Обрывки разговора долетали къ Шельтону. Повидимому, они продолжали говорить о миссисъ Фоліотъ.
— Развѣ можно было подумать это о ней? — говорилъ командоръ. — Она казалась всегда такой тихой, спокойной. Иногда ее совсѣмъ не было слышно въ комнатѣ. Помню, я однажды спросилъ ее: «Миссисъ Лютерёнъ, что вамъ нравится больше всего въ мірѣ?» И какъ вы думаете, что она мнѣ отвѣтила?… «Музыка!» Каково?…
Послышался голосъ Маббея:
— Фоліотъ всегда былъ угрюмый, малосообщительный парень. Обыкновенно съ такими людьми и случаются подобныя вещи…
— Говорятъ, что онъ теперь никому не отвѣчаетъ на поклонъ, — замѣтилъ хозяинъ. — Странный субъектъ! Но говорятъ, она горячо предана ему?…
— Если онъ отказывается и отъ охоты, то, чортъ возьми! Что же онъ станетъ дѣлать? — сказалъ Маббей. — Вѣдь онъ уже вышелъ изъ своего клуба, а что касается парламента…
— О, это ужасно жаль! — проговорилъ хозяинъ. — Впрочемъ, онъ это долженъ былъ ожидать…
— Странные люди вообще эти Фоліоты, — сказалъ командоръ. — Его отецъ, напримѣръ! Онъ скорѣе заговорилъ бы съ мусорщикомъ, если бы тотъ встрѣтился ему на дорогѣ, нежели со мной или съ вами… Хотѣлось бы мнѣ знать, что сдѣлаетъ Фоліотъ со всѣми своими лошадьми? Я бы съ удовольствіемъ пріобрѣлъ у него каштановаго жеребца.

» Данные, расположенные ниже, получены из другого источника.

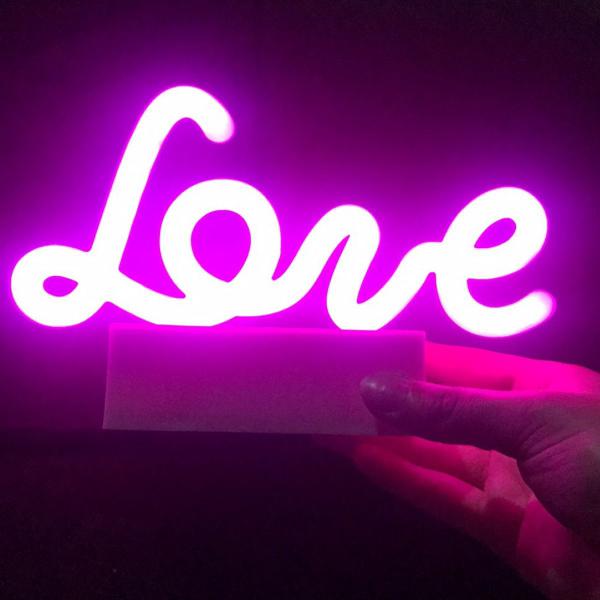 palavra love (amor) luminária com led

— Вы никогда не можете заранѣе сказать, что сдѣлаетъ тотъ или другой человѣкъ, станетъ ли онъ пьянствовать, или начнетъ писать книги, — послышался голосъ Маббея. — Вы знаете, старый Чарли Уэйнъ принялся теперь изучать звѣзды и, кромѣ того, два раза въ недѣлю отправляется въ Уайтчепель обучать каракулямъ тамошнихъ…
Окончанія фразы Шельтонъ не разслышалъ, потому что сэръ Джемсъ, хозяинъ, громко спросилъ своего сосѣда:
— А что сдѣлалось съ вашимъ старымъ сторожемъ Смоллетомъ, Глинни?

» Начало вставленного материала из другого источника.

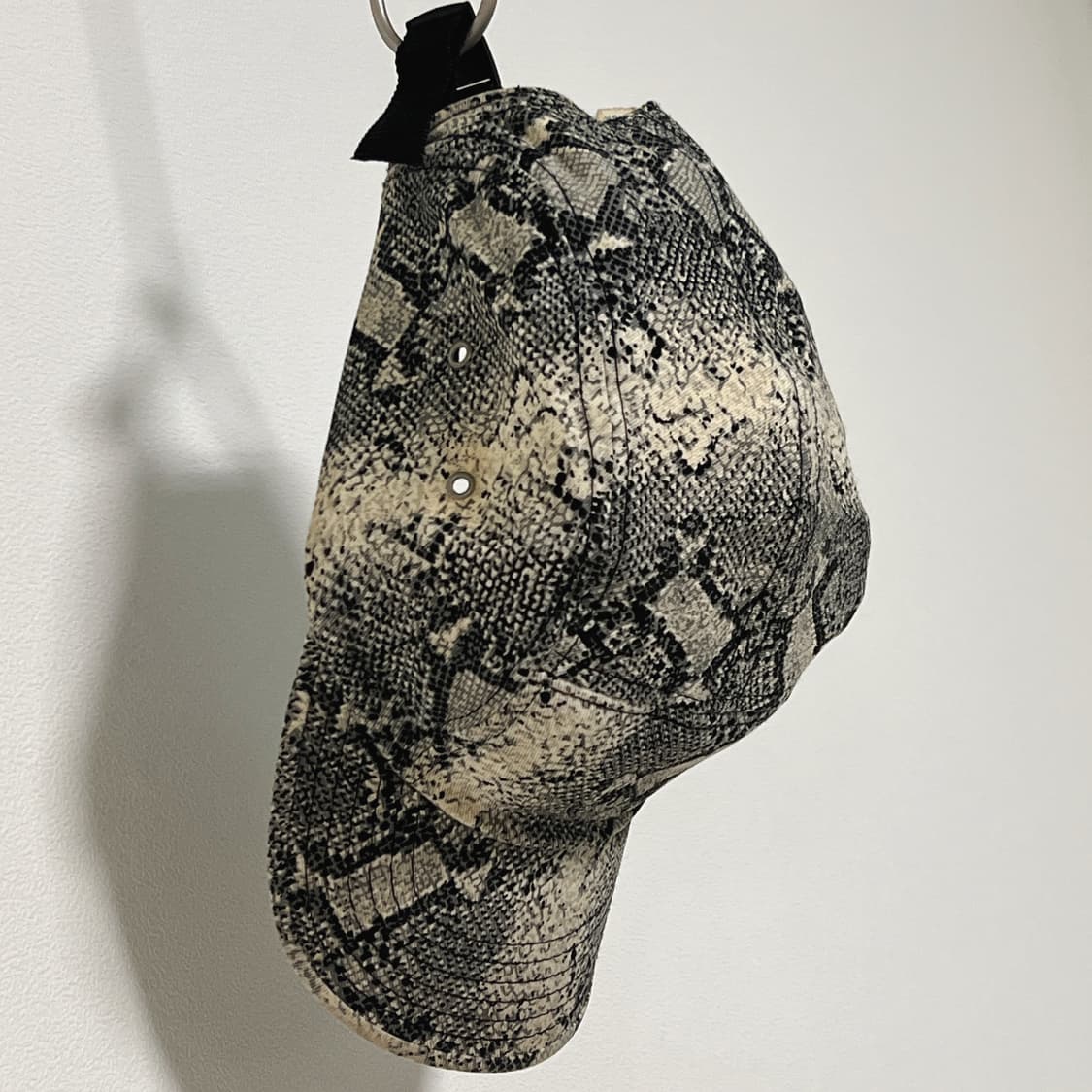 슈프림 2001 뱀피 5패널 캠프캡 그레이 상품이미지4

— Вынужденъ былъ разстаться съ нимъ, — отвѣчалъ старикъ, котораго онъ назвалъ Глинни. — Онъ состарился и въ прошломъ сезонѣ растерялъ множество фазаньихъ яицъ…
— Ого! Это ужъ совсѣмъ плохо, когда они начинаютъ такъ небрежно относиться…

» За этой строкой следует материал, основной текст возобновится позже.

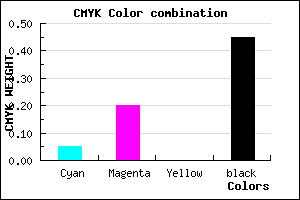 #846F8B color CMYK mixer
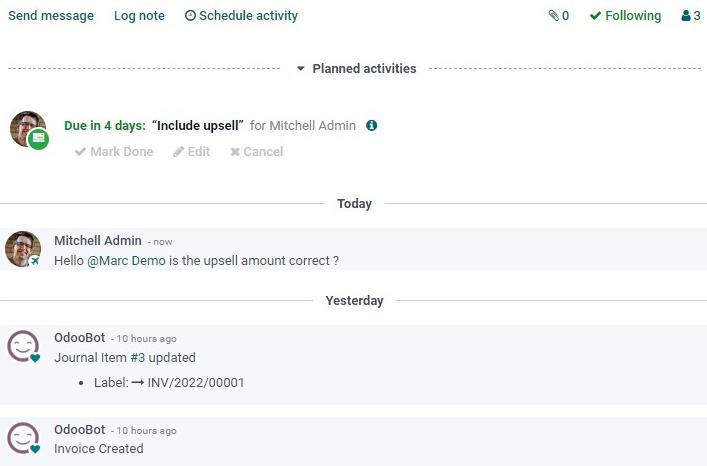 Odoo • Kép és szöveg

— Да, — продолжалъ Глинни. — Его сынъ, вы помните его, сэръ Джемсъ? Онъ обыкновенно заряжалъ вамъ ружья? Такъ вотъ онъ соблазнилъ одну молоденькую дѣвушку. Когда ея родные выгнали ее, то старый Смоллетъ взялъ ее къ себѣ. Вышелъ чортъ знаетъ какой скандалъ. Молодая дѣвушка наотрѣзъ отказалась выйти замужъ за молодого Смоллета, и старикъ поддержалъ ее и оказалъ ей помощь. Разумѣется, вмѣшался приходскій священникъ и потребовалъ прекращенія скандала и удаленія дѣвушки. Моя жена предложила отправить ее въ одно изъ этихъ убѣжищъ, — какъ они тамъ называются? — служащихъ для исправленія. Но упрямый старикъ объявилъ, что если дѣвушка не хочетъ туда отправляться, то заставлять ее нельзя… Вся эта исторія совсѣмъ вывела его изъ колеи и мѣшала заниматься какъ слѣдуетъ своимъ дѣломъ. Въ результатѣ у меня вывелось только 500 фазановъ вмѣсто восьмисотъ…
На мгновеніе воцарилось молчаніе. Всѣ занялись пирогомъ.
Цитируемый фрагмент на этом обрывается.